- _PROBLEM DETAILS_
Check each line of the records below for the word "into" and copy those where it appears.

══ DATASET RECORDS

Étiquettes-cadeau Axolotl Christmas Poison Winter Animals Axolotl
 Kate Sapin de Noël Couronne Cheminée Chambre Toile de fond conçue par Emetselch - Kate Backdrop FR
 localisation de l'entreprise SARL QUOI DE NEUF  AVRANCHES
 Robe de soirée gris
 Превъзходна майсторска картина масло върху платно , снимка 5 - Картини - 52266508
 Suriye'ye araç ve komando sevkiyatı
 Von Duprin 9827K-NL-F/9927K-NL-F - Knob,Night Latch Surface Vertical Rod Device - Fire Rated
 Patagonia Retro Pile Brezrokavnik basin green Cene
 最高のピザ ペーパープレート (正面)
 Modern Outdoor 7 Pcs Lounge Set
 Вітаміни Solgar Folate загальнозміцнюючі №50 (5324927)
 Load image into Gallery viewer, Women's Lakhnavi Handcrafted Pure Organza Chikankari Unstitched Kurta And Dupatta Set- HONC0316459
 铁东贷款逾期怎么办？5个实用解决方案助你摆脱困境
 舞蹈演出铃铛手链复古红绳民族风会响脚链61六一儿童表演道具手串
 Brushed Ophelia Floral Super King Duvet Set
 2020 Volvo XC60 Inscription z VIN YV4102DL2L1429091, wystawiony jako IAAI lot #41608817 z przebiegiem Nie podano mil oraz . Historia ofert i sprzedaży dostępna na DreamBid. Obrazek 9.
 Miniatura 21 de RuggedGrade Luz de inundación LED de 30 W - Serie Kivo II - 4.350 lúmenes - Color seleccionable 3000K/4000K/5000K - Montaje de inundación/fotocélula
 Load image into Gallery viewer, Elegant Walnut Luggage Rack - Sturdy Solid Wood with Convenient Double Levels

════

- _OUTPUT FOR THIS TASK_
 Load image into Gallery viewer, Women's Lakhnavi Handcrafted Pure Organza Chikankari Unstitched Kurta And Dupatta Set- HONC0316459
 Load image into Gallery viewer, Elegant Walnut Luggage Rack - Sturdy Solid Wood with Convenient Double Levels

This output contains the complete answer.